Rainey reports that small, rural stations -- not big-city outlets like KCRW and KPCC in Los Angeles -- will be hardest-hit if the energized GOP delivers on its threat to end federal support of the field, quoting KCRW General Manager Jennifer Ferro: "When they talk about killing the Corporation for Public Broadcasting allocation to NPR, they are talking about taking it away from the people who already have the weakest voice," she says.

In a Nov. 18 speech at the University of Southern California's Annenberg School of Communications, NPR President Vivian Schiller made the case for public radio by describing how NPR's journalists in Baghdad and Afghanistan risk their lives to report from war zones. "I worry it is way too easy to forget the dangers and sacrifices real journalists make at a time when we all refer to news stories as 'content,' when the work of field reporters is sliced and diced into a zillion cyber pieces, when news is something we aggregate, Tweet and blog upon," Schiller said during her Loper Lecture in Public Service Journalism. NPR is among the very few news organizations that continues to invest in "the hard work of boots-on-the-ground reporting while at the same time driving innovation and opening ourselves to new audiences," she said.

"Much of the commercial media is fleeing the reporting business," Schiller said. "Foreign reporting, investigative reporting, arts reporting and expert local reporting are perhaps most in danger. We know this, it isn't new. But in the end, it is what all the debates about economic models are all about."

"We at NPR are doing everything in our power to increase our newsgathering capacity and to help our member stations do the same," Schiller said. "In some ways, that is our most important job right now."

Pubstations need simple apps, too

Public media needs coding collaborators. That's what pubcaster Barrett Golding of Hearing Voices writes in today's (Nov. 22) Hacks/Hackers blog. Large pubradio stations have ambitious Internet projects going, but they also have the staff and cash to do so. Mid-to-small stations and independents need simpler, smaller apps. Golding has two examples of pubmedia-specific API how-tos that could cheaply and immediately help hundreds of sites.

New NBR owner agreed to leave instructional content field in 2000, New York Times reports

In a followup to a Current investigation (Aug. 23 and Sept. 7), the New York Times reports today (Nov. 22) that Mykalai Kontilai, the new owner of Nightly Business Report, agreed to leave the instructional programming business in 2000 and paid $250,000 as part of the settlement of a fraud suit. Kontilai confirms making the payment but denies agreeing to step out of the field.
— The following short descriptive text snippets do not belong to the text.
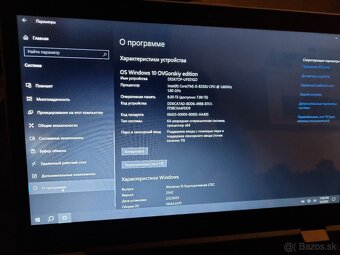 Hp pavilion x 360 - 2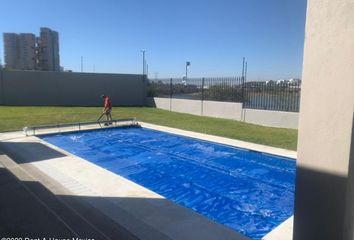 Casa en  Avenida Concord, Querétaro, Mex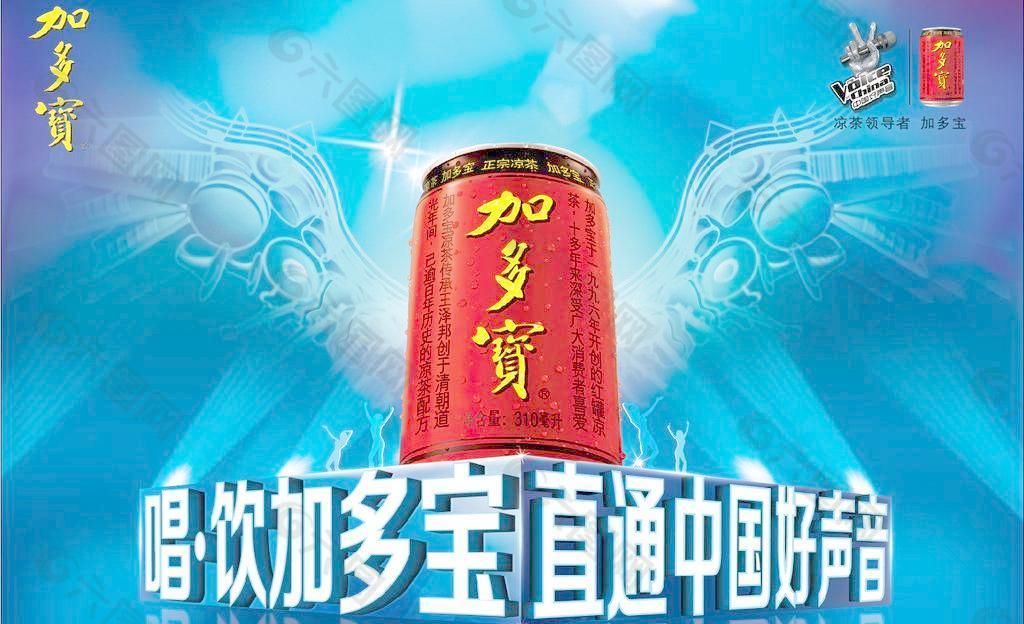 2ӶV:ӶVĂV湫˾ڴ
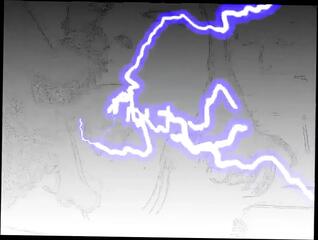 Video 1666639281: sissy humiliation joi, cock worship joi, sissy training joi, fetish worship, cock worship dirty talk, amateur cock worship, amateur fetish sex, sperm fetish, worshiping straight, english sissy, sissy cream, worship hd, cum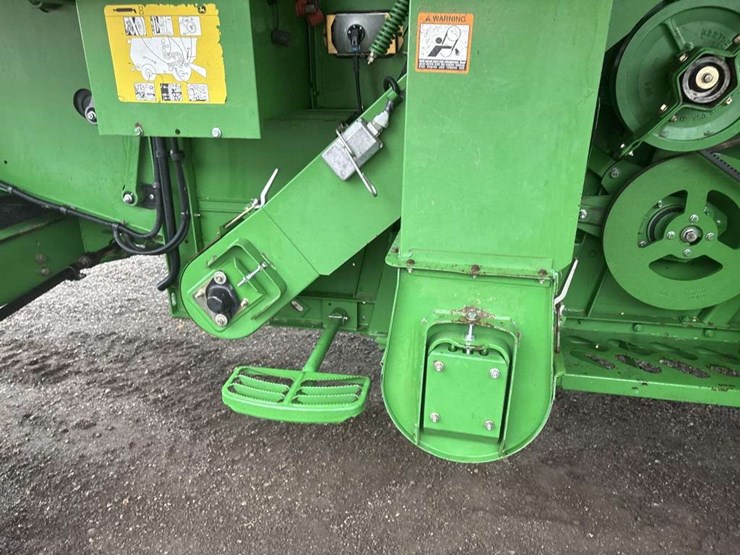 john-deere-9770-sts-image-16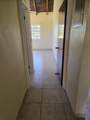 494 Barren Spot Qu - Photo 23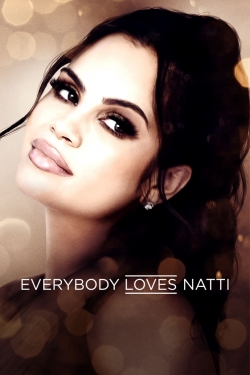Everybody Loves Natti (2021) Official Image | AndyDay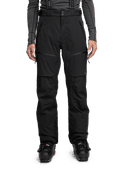 M Alpine Pant, Black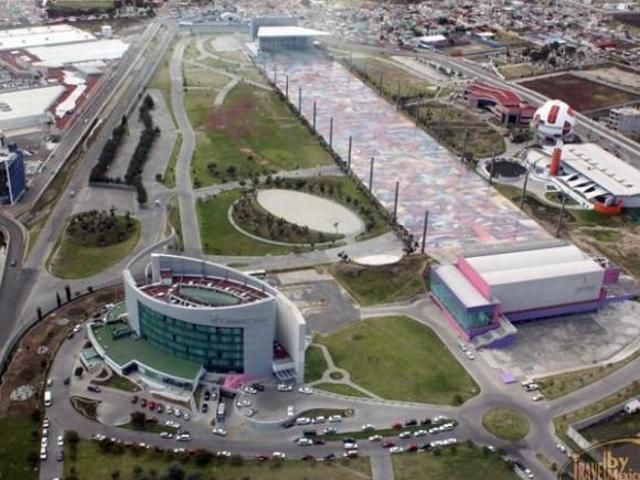 Vendo Terreno en Zona Plateada Pachuca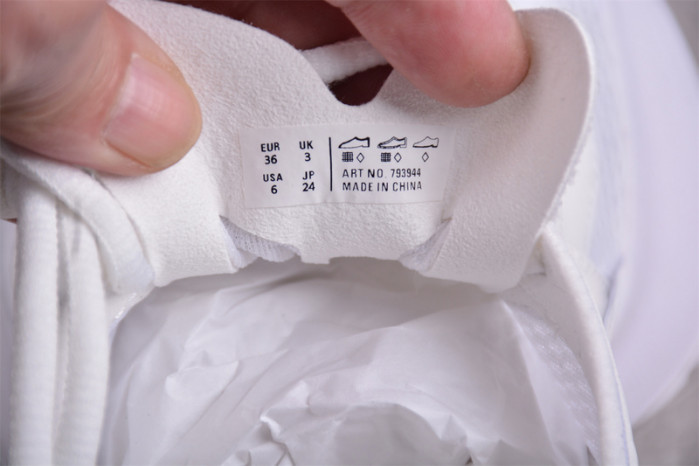 Ba1en*iaga sneakers wflgy 0120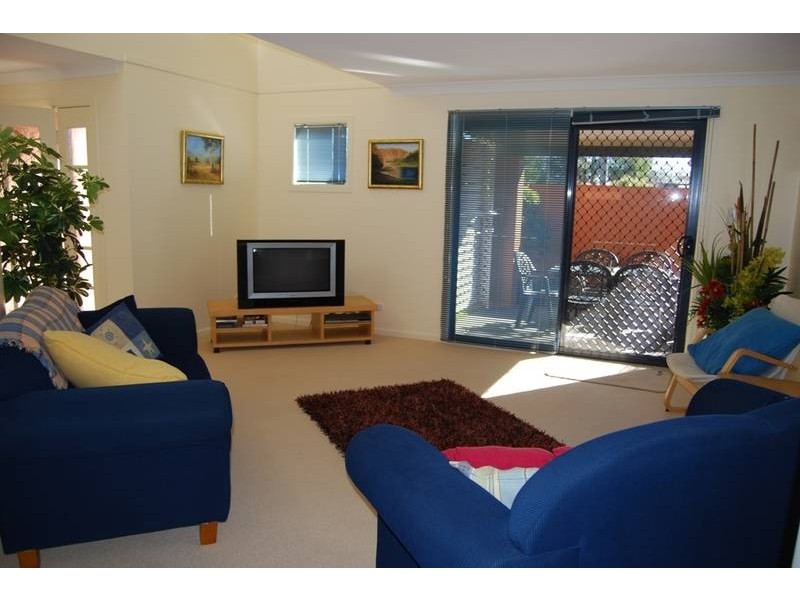 6 Ocean Street, Evans Head NSW 2473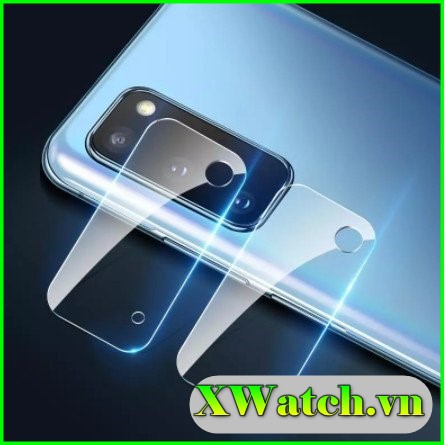 Cường lực Camera Realme C21y V15 Q2 Q2i Q2 pro GT Neo 2 X7 pro GT Neo C11 C12 C15 C17 C20 X7 pro Realme 6 pro Realme X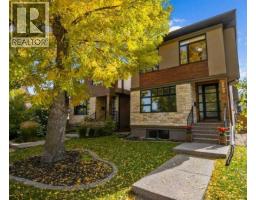 3519 3 Avenue SW - photo 1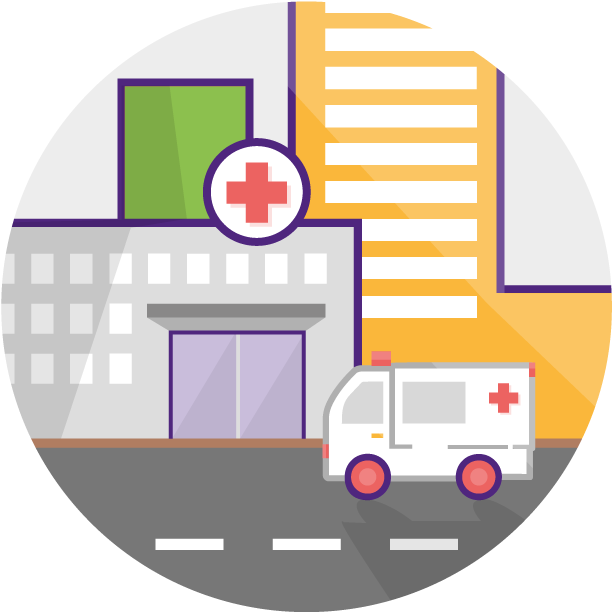 Healthcare Waste Disposal - Healthcare Waste Disposal (612x612)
Ronald Reed, former president of AGC/United Learning, an educational content provider that has since become part of Discovery, told the newspaper: "We felt, from our point of view, that it would be best not to have him in the industry," after discovering "what we considered to be inappropriate business practices." Reed added that he was surprised to learn five years later that Kontilai was still in the business. He declined further comment, citing a privacy agreement.

Atalaya Capital Management, a New York investment company, provided financing for the show's purchase, which Kontilai said was "well over a million dollars." Atalaya's other investments include Creative Loafing, an alternative weekly newspaper chain.

In his more than 10 years of distributing educational video to public television stations," the newspaper added, "Mr. Kontilai, 41, left a trail of ill will and claims of hundreds of thousands of dollars in unpaid debts. Stations ended contracts early with a company he ran but did not own, citing unfulfilled obligations."

The newspaper cited more than a dozen people who have done business with Kontilai, who each questioned "whether his new endeavors would end with the same sort of problems that plagued his previous public television efforts."